Les Comores, un archipel de l’océan Indien, affichent le nombre de cas de lèpre par habitant le plus élevé au monde. Les enfants sont loin d’être épargnés : 1 Comorien sur 3 souffrants de la lèpre a moins de 14 ans. La maladie sévit particulièrement sur l’île d’Anjouan. Conjointement avec le Programme national de lutte contre la lèpre des Comores, l’Institut de Médecine Tropicale d’Anvers et la Sasakawa Health Foundation, Action Damien poursuit sa stratégie d’élimination de la lèpre.
Des incapacités à vie causés par la lèpre
La lèpre est une maladie infectieuse qui touche surtout les personnes les plus vulnérables. Dans un premier temps, elle provoque des symptômes vagues, comme des taches dépigmentées sur la peau ou de la fièvre. Mais quand elle n’est pas traitée à temps, elle endommage les nerfs périphériques, ce qui entraîne une perte de sensibilité, des plaies ouvertes et des invalidités permanentes. « Notre objectif aux Comores est de poser rapidement un diagnostic afin de traiter efficacement la maladie. Cela nous permet d’éviter que les personnes affectées développent des incapacités à vie liés à la lèpre », explique le docteur Younoussa Assoumani, responsable d’Action Damien aux Comores.
Dépistages à domicile aux Comores
Les équipes d’Action Damien se rendent dans les différents villages pour sensibiliser les habitants à l’existence de la maladie, à ses symptômes et au traitement lié., Ils font du porte-à-porte pour proposer un examen de la peau à tous les habitants. Toute personne chez qui la lèpre a été diagnostiquée est immédiatement mise sous traitement antibiotique pour une période de 6 à 12 mois.
Grâce au soutien financier et technique de la Sasakawa Health Foundation, Action Damien a pu renforcer son programme de santé à Anjouan depuis mars 2024. La formation de personnel soignant supplémentaire permet d’atteindre encore plus de villages sur l’île, afin de sensibiliser la population et de réaliser des dépistages. Il s’agit de collaborateurs locaux qui sont proches de la population et parlent sa langue.
En plus de médicaments gratuits, les familles touchées par la lèpre reçoivent aussi des colis alimentaires. L’objectif est double : une alimentation saine aide le patient à guérir plus vite, et renforce aussi le système immunitaire des membres de la famille, qui ont ainsi moins de risques d’être touchés à leur tour par la maladie.
Étude sur les médicaments préventifs contre la lèpre aux Comores
Toutes les données relatives à la santé sont anonymisées et enregistrées dans des applications. Cette approche permet d’identifier les zones à risque. Dans les villages où la lèpre est particulièrement répandue, Action Damien mène depuis quelques années une étude pionnière sur les traitements préventifs contre la maladie.
« En collaboration avec l’Institut de Médecine tropicale d’Anvers, nous réalisons actuellement une étude de terrain afin de prévenir la maladie. Nous administrons des médicaments préventifs pour éviter que les proches des personnes affectées soient touchées à leur tour. Dès qu’un membre d’une famille – un seul – a est atteint par la lèpre, nous devons éviter à tout prix que ses proches, encore asymptomatiques, développent la maladie. C’est la stratégie que nous mettons en œuvre pour protéger la population de l’archipel », déclare encore le docteur Younoussa.

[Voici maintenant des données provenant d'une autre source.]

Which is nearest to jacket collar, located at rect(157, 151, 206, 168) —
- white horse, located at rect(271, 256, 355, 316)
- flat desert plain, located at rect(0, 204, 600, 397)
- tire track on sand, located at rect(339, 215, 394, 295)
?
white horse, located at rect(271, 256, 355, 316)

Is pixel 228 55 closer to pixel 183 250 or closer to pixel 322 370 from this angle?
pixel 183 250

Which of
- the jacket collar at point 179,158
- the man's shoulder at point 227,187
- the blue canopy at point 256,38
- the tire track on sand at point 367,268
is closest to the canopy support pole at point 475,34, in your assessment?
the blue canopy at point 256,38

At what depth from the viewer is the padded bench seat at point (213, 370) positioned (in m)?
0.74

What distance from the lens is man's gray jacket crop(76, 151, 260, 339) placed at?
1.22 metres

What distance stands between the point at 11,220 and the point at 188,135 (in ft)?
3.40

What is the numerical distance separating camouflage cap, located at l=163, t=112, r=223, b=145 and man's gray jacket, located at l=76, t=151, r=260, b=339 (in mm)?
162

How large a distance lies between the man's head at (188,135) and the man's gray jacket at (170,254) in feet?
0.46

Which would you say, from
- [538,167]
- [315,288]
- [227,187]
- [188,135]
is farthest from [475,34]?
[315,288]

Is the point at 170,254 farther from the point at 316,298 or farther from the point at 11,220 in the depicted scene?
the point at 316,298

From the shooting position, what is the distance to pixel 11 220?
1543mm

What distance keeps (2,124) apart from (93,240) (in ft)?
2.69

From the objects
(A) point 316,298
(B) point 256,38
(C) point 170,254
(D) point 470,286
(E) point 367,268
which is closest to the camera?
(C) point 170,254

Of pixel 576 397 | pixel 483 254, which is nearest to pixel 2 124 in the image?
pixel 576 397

Dans le cadre de l’étude BE-PEOPLE, les groupes à risque, comme les membres de la famille proche ou les voisins, se voient proposer une combinaison de rifampicine et de bedaquiline. Ces médicaments doivent prévenir le développement de la lèpre. Au total, quelque 124 000 habitants seront approchés dans ce contexte. Compte tenu de la longue période d’incubation de la maladie, les résultats définitifs seront connus en 2026. « Si les résultats de l’étude s’avèrent concluants, cela pourrait marquer un grand pas dans l’élimination de la lèpre, non seulement aux Comores mais aussi dans le monde entier », conclut le docteur Nimer Ortuño-Gutiérrez, expert médical chez Action Damien.
Regardez aussi l’interview du docteur Younoussa :
Explication des termes médicaux
PEOPLE: Post ExpOsure Prophylaxis for LEprosy
PEP: Post-Exposure Prophylaxis – traitement préventif qui est administré à une personne ayant été potentiellement exposée à un agent pathogène, afin d’éviter que l’infection ne se déclare et ne se propage.
Rifampicine: médicament préventif contre la lèpre, administré aux personnes présentant un haut risque de contamination.
Bédaquiline: médicament utilisé dans le traitement de la tuberculose multirésistante. Les bacilles responsables de la lèpre et de la tuberculose étant très similaires, la bédaquiline peut également être utilisée avec succès pour combattre la lèpre.